Tina und Mireille blieben in Kontakt. Nach einiger Zeit kam auch prompt die nächste freudige Nachricht:

"Shiva haben wir tatsächlich umgetauft. Sie heisst nun Jlo, wie Jennifer Lopez, da sie auch so ein rundes Gesäss hat und auch einen so schönen Hüftschwung. Ihr geht es super gut, sie hat sich von Anfang an sehr gut eingelebt und Jimmy unser ander Kater hat sich auch wunderbar an Jlo gewöhnt. Sie haben sich auch noch nie etwas angetan. Jlo ist sehr zutraulich möchte am liebsten den ganzen Tag gestreichelt werden. Sie schläft auch immer bei irgendjemand im Bett. Sie springt auch nie auf die Küchenkombination hinauf auch wenn Fleisch drauf ist. Ich nehme an, dass sie das bei Ihnen nicht durfte, sie haben sie extrem gut erzogen. Das wollte ich Ihnen eigentlich schon lange einmal sagen.
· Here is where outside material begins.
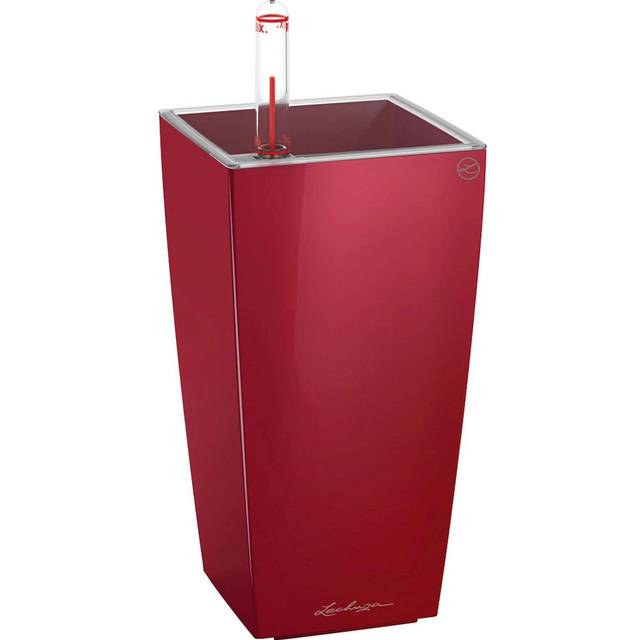 (Scarlet Red, H18 L9 W9 cm) LECHUZA MINI CUBI  and MAXI CUBI Table Poly Resin  Self-watering Planter with Substrate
Abgenommen hat sie leider noch nicht viel, obwohl wir sie 3/4 Jahr auf Diät gesetzt haben (extra Diätfutter gekauft), Sie springt auch sehr viel herum und klettert auf Bäume, aber abnehmen tut sie leider nicht. Ich denke aber, sie fühlt sich mit ihren 6 Kilos pudelwohl. Ich schicke ihnen noch ein paar Fotos von ihr, werde es aber via SMS schicken , da ich nur mit meinem Natel Jlo fotografiert habe.

Meine Grossmutter kommt Ende September auf Besuch und nachher haben wir Ferien. Danach dürfen Sie gerne einmal vorbei kommen.

Ah noch was, Jlo bringt regelmässig Mäuse oder Vögel nach Hause. Ist ja ein gutes Zeichen."
Tina hatte richtig gehandelt, das wurde ihr nun bewusst. Auch hier war ihr das Wohl des Tieres wichtiger als ihre eigenen Gefühle. Natürlich hätte sie sich gefreut, wenn Shiva wieder bei ihr eingezogen wäre, aber so war es auch gut. Sie wusste nun, dass es der Schönen gut ging und dass man sie liebte. Noch heute denkt Tina gerne an Shiva zurück. Vielleicht wird sie ihr eines Tages wieder einen Besuch abstatten.